__What the task requires__: Reproduce exactly the line with "Lacivert-Siyah Erkek Deri" and every line that follows it below, up to and including the last one. Do not include pictures or anything else.

__Material supplied__:
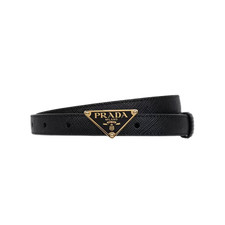 Prada Saffiano Triangle Logo Belt Black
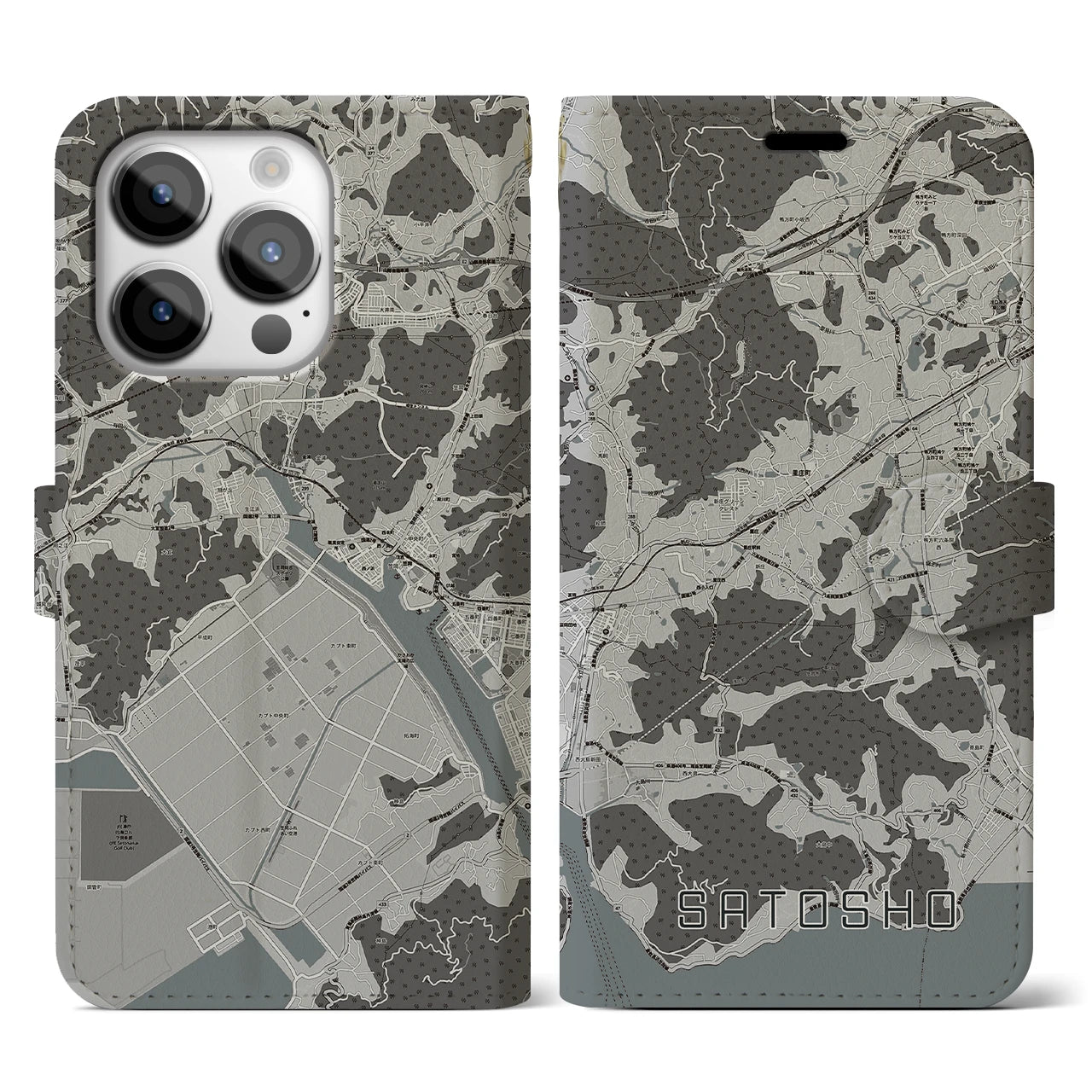【里庄(岡山県)】地図柄iPhoneケース(手帳タイプ)モノトーン・iPhone 14 Pro 用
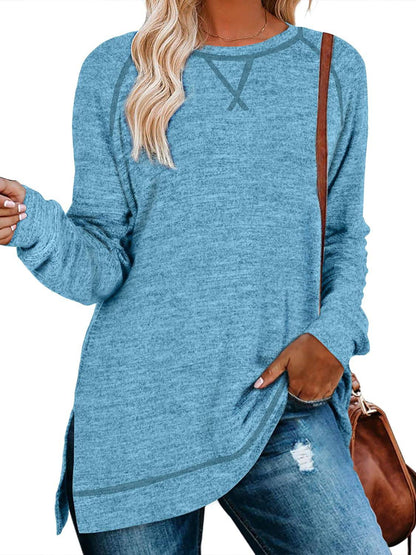 ⏰Hot Sale-Women Fall Side slit Long Sleeve Shirts Tunic Tops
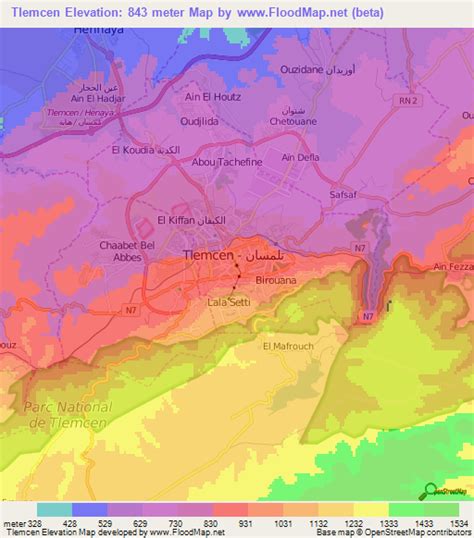 Elevation of Tlemcen,Algeria Elevation Map, Topography, Contour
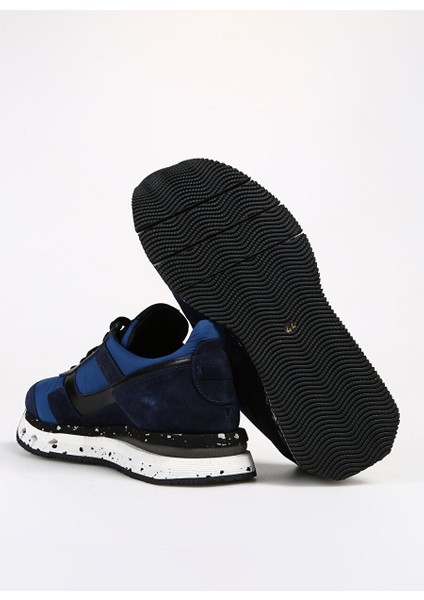 Lacivert-Siyah Erkek Deri - Kumaş Sneaker 2891-321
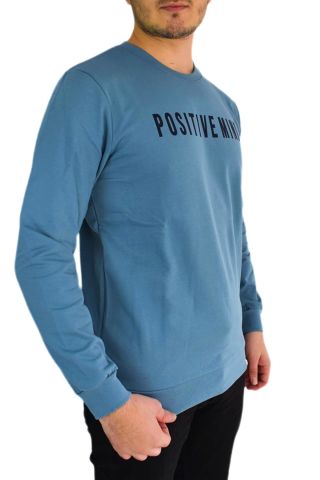 Erkek Sıfır Yaka Posıtıve Yazılı Sweat BGL-ST01721
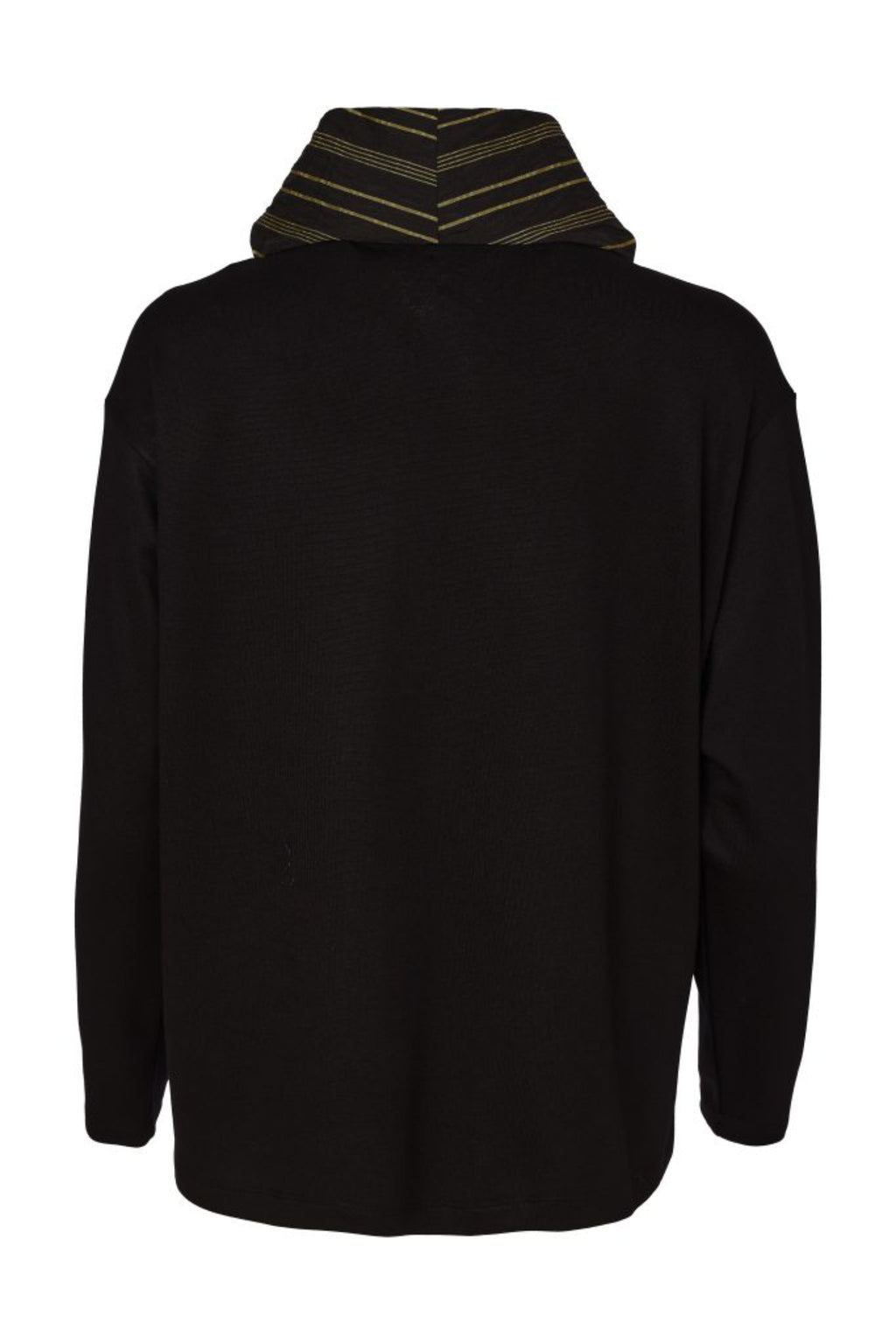 Back view Naya NAW26153 Top with Stripe Drawstring Neck and Pocket Detail Black/Avocado Shop Naya at Dotique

__Result of the task__:
 Lacivert-Siyah Erkek Deri - Kumaş Sneaker 2891-321
 Erkek Sıfır Yaka Posıtıve Yazılı Sweat BGL-ST01721
 Back view Naya NAW26153 Top with Stripe Drawstring Neck and Pocket Detail Black/Avocado Shop Naya at Dotique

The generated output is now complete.